**Task to complete**
Please transcribe the lines below exactly, and leave every image behind.

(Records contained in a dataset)

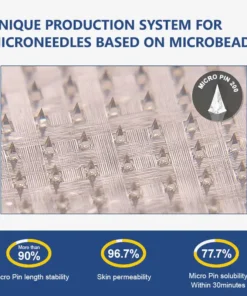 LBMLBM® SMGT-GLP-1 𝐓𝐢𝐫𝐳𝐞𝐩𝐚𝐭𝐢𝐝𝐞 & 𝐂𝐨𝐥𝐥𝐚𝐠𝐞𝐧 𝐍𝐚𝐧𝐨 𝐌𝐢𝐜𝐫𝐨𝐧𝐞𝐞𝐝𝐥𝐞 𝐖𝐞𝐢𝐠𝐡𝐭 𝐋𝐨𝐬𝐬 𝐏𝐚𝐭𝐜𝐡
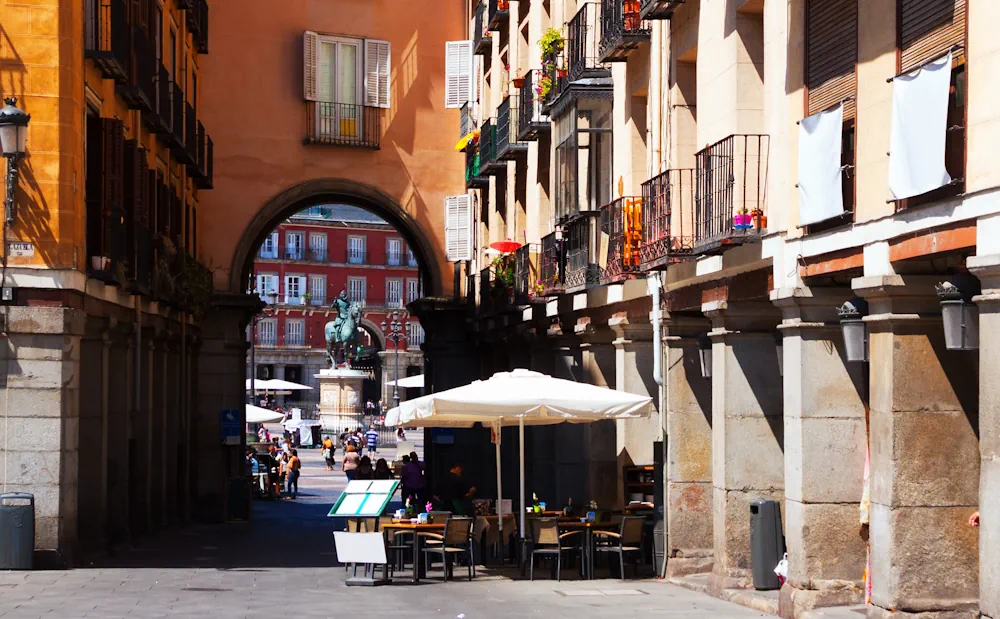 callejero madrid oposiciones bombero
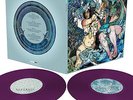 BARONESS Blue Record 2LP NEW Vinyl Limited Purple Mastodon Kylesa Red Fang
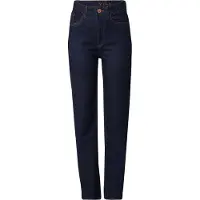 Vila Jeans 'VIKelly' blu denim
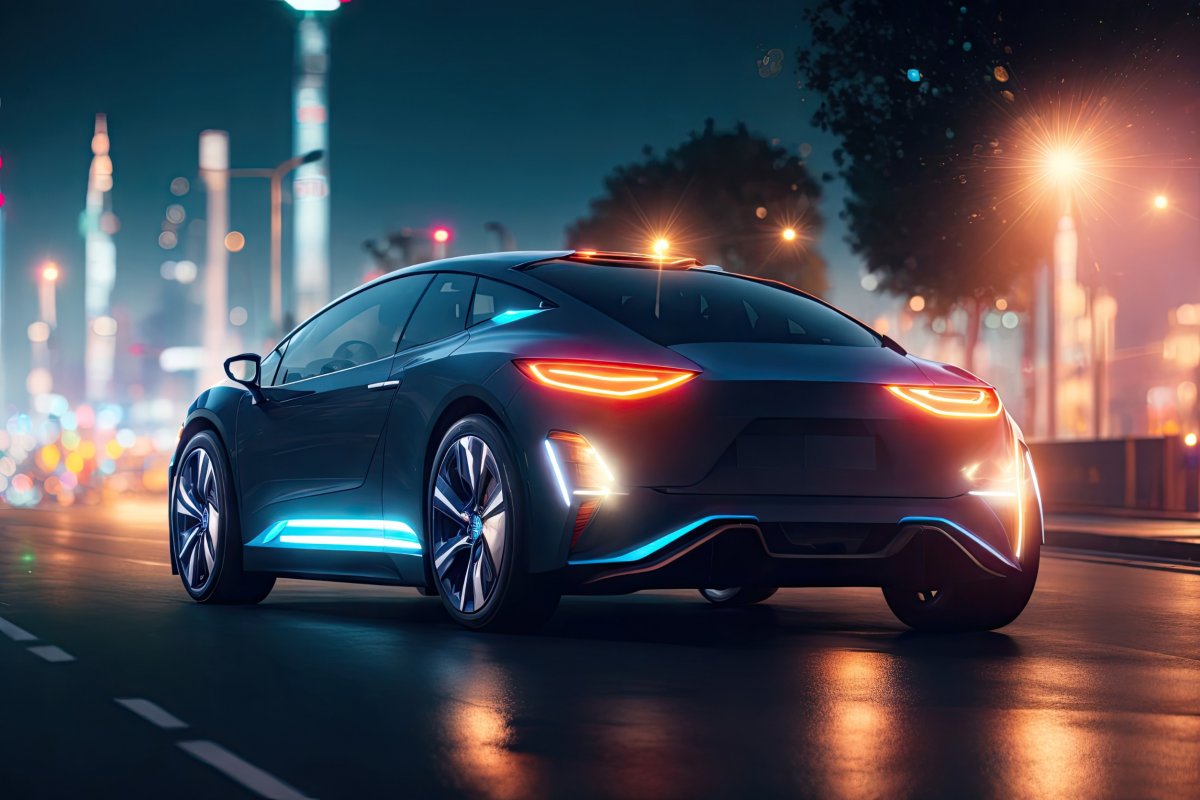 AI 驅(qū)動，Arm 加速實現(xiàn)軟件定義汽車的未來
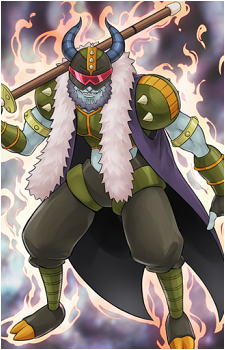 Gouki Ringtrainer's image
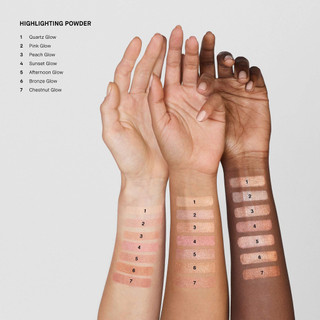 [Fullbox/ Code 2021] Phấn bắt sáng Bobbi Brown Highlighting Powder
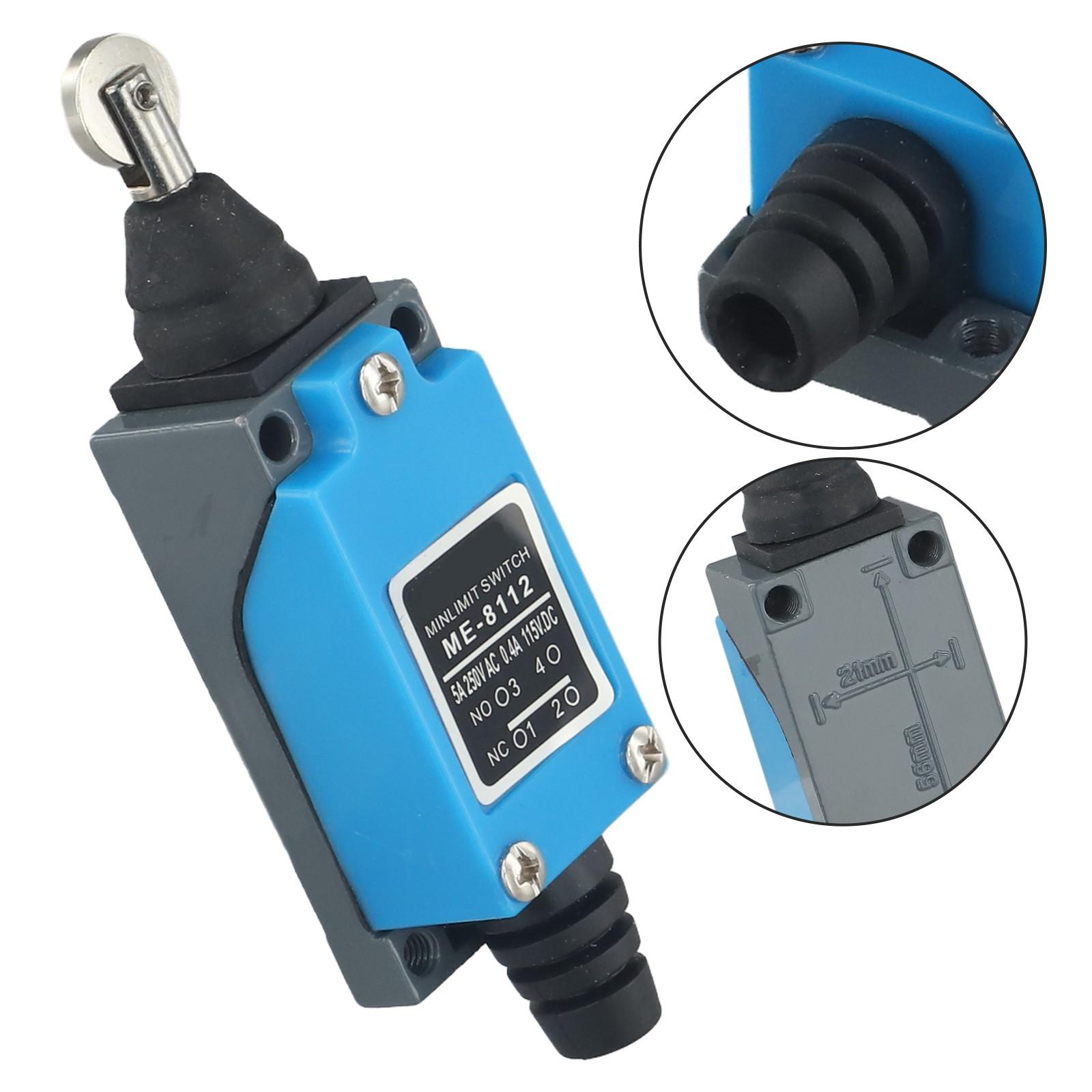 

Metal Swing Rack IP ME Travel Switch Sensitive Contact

**Exercise response**
 LBMLBM® SMGT-GLP-1 𝐓𝐢𝐫𝐳𝐞𝐩𝐚𝐭𝐢𝐝𝐞 & 𝐂𝐨𝐥𝐥𝐚𝐠𝐞𝐧 𝐍𝐚𝐧𝐨 𝐌𝐢𝐜𝐫𝐨𝐧𝐞𝐞𝐝𝐥𝐞 𝐖𝐞𝐢𝐠𝐡𝐭 𝐋𝐨𝐬𝐬 𝐏𝐚𝐭𝐜𝐡
 callejero madrid oposiciones bombero
 BARONESS Blue Record 2LP NEW Vinyl Limited Purple Mastodon Kylesa Red Fang
 Vila Jeans 'VIKelly' blu denim
 AI 驅(qū)動，Arm 加速實現(xiàn)軟件定義汽車的未來
 Gouki Ringtrainer's image
 [Fullbox/ Code 2021] Phấn bắt sáng Bobbi Brown Highlighting Powder

Metal Swing Rack IP ME Travel Switch Sensitive Contact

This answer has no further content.